Instructions to follow ▸
In the records below, find the line containing "Brian Esterle's Instagram, Twitter", then copy that line and all lines after it, exactly, omitting every picture.

Records supplied ▸
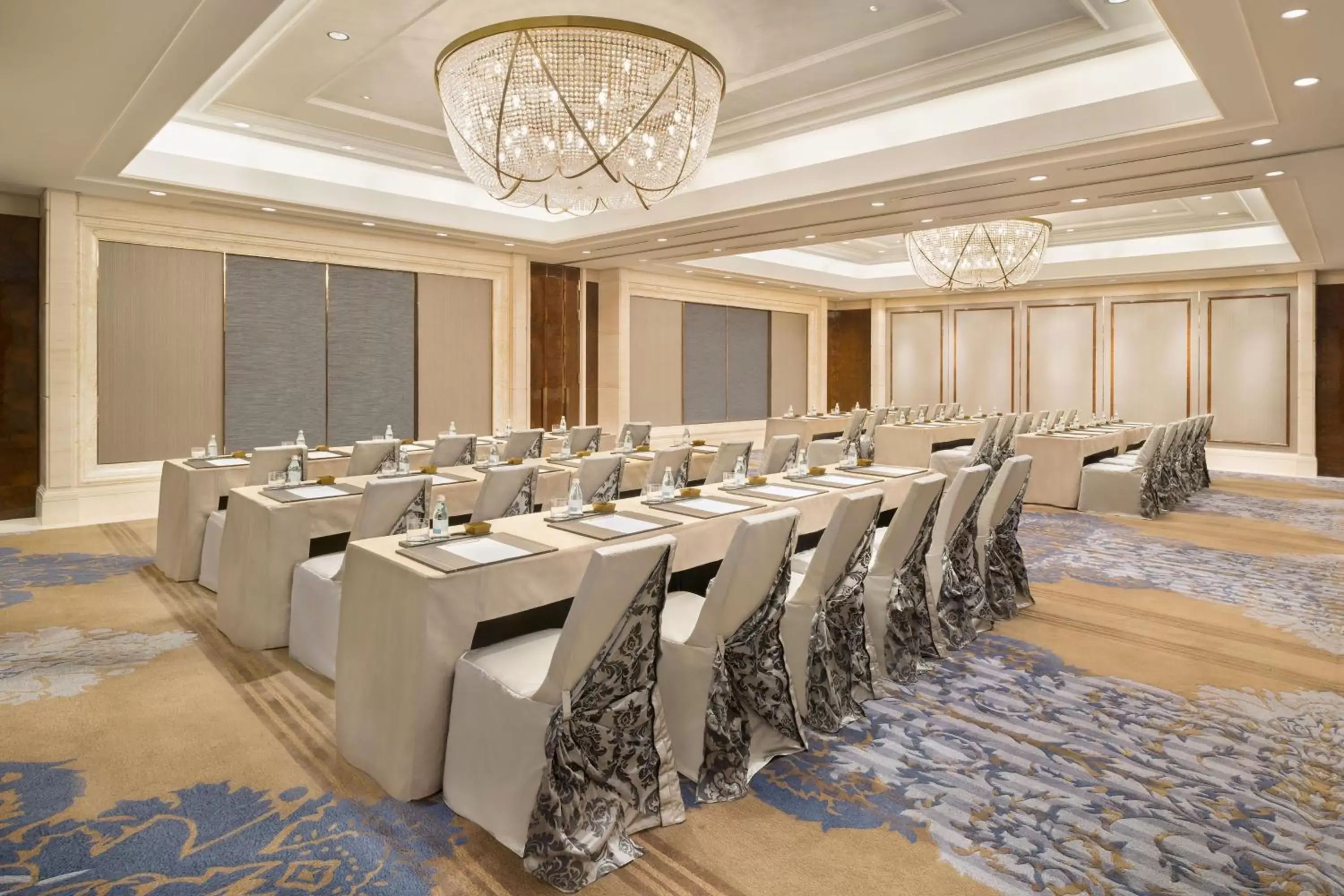 Meeting/conference room in The St. Regis Zhuhai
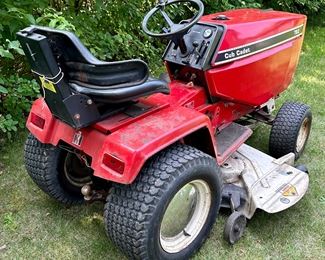 Cub Cadet 782 Tractor/Riding Mower in Working Condition.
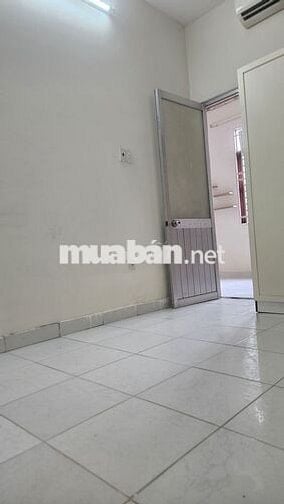 32 m² Cho Căn Hộ tại Trung Tâm Q10, Khu Cư Xá Bắc Hải
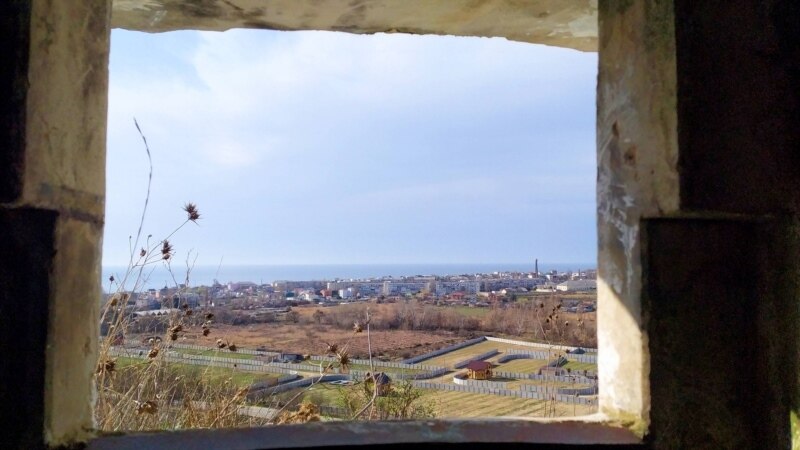 Вид на Севастополь с пулеметного ДЗОТа | Крымское фото дня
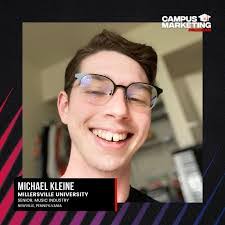 Brian Esterle's Instagram, Twitter & Facebook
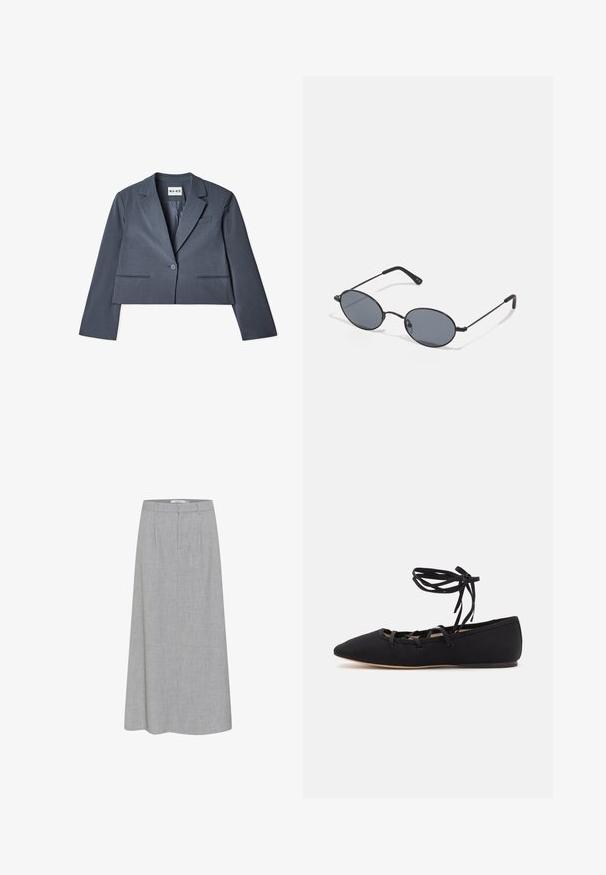 Blazer grigio tagliato realizzato in tessuto morbido, con due tasche frontali, chiusura con un solo bottone e rever a punta. Fodera visibile all'interno.; Top bianco a maniche lunghe realizzato in tessuto morbido e liscio. Presenta un collo a giro e una vestibilità slim con dettagli di cucitura minimi.; Gonna grigia di lunghezza ginocchio con una texture liscia e un sottile motivo mélange. Presenta una parte anteriore piatta con pieghe e una vita sagomata.; Loeffler Randall LOUISA LACE UP BALLET FLAT - Ballerine con cinturino - black; Occhiali da sole ovali neri con lenti scure e montatura in metallo sottile. Presentano aste slanciate con una leggera curva alle estremità.; Quattro anelli in argento con disegni diversi: banda attorcigliata, curve sovrapposte, cristalli delicati e una banda liscia con piccoli dettagli.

Problem solution ▸
 Brian Esterle's Instagram, Twitter & Facebook
 Blazer grigio tagliato realizzato in tessuto morbido, con due tasche frontali, chiusura con un solo bottone e rever a punta. Fodera visibile all'interno.; Top bianco a maniche lunghe realizzato in tessuto morbido e liscio. Presenta un collo a giro e una vestibilità slim con dettagli di cucitura minimi.; Gonna grigia di lunghezza ginocchio con una texture liscia e un sottile motivo mélange. Presenta una parte anteriore piatta con pieghe e una vita sagomata.; Loeffler Randall LOUISA LACE UP BALLET FLAT - Ballerine con cinturino - black; Occhiali da sole ovali neri con lenti scure e montatura in metallo sottile. Presentano aste slanciate con una leggera curva alle estremità.; Quattro anelli in argento con disegni diversi: banda attorcigliata, curve sovrapposte, cristalli delicati e una banda liscia con piccoli dettagli.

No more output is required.